[EXERCISE DESCRIPTION] What is needed is an exact repeat of the lines from the one holding "Big Studio At" through the final line of the data, with no pictures.

[RECORDED DATA]

* * *

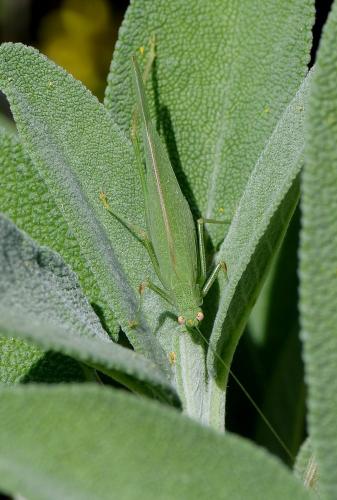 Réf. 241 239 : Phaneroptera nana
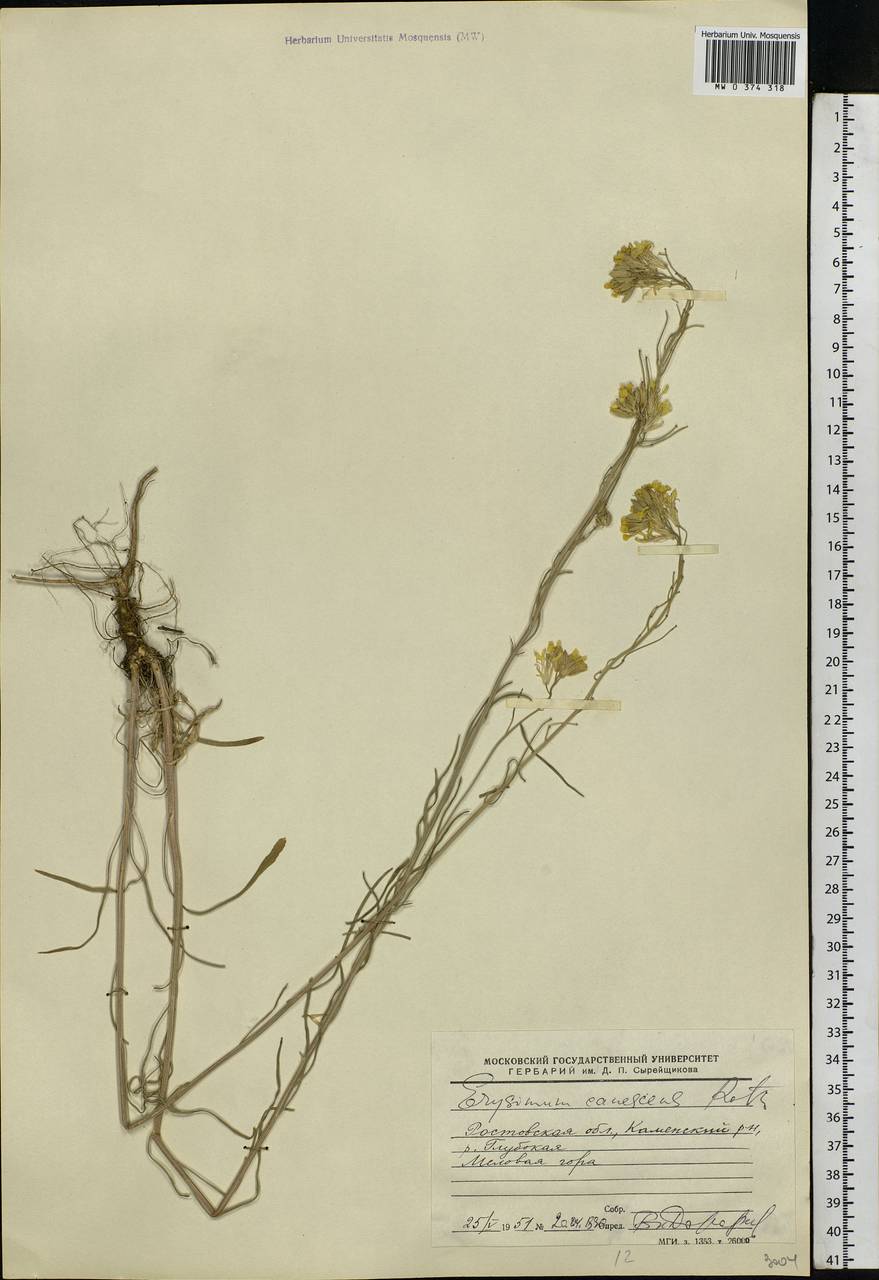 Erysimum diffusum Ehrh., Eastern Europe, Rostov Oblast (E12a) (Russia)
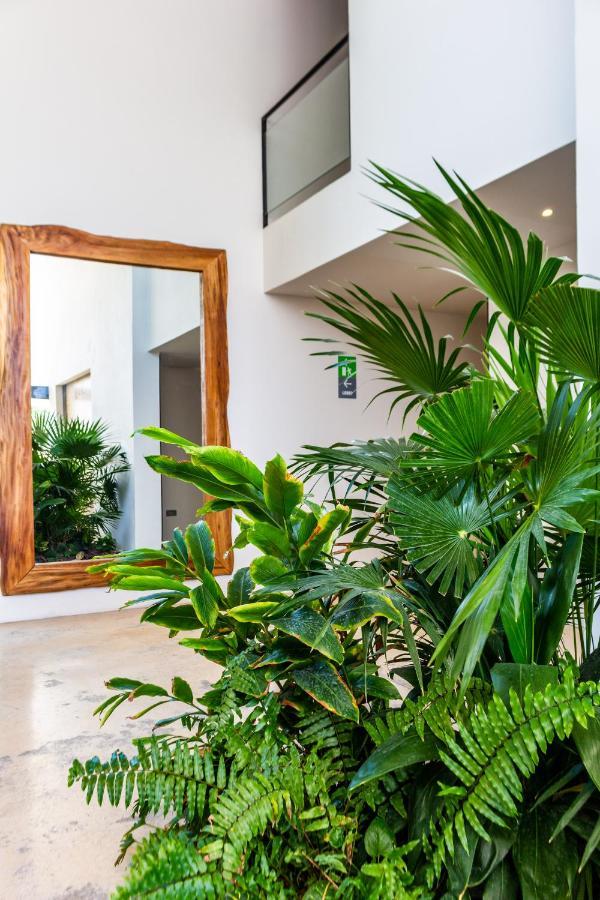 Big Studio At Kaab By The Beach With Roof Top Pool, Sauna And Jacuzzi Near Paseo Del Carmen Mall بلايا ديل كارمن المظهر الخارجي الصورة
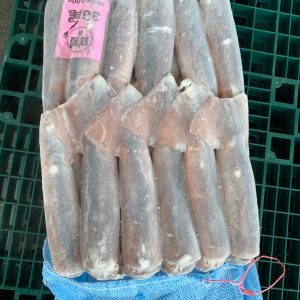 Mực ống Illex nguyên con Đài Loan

* * *

[SOLUTION]
 Big Studio At Kaab By The Beach With Roof Top Pool, Sauna And Jacuzzi Near Paseo Del Carmen Mall بلايا ديل كارمن المظهر الخارجي الصورة
 Mực ống Illex nguyên con Đài Loan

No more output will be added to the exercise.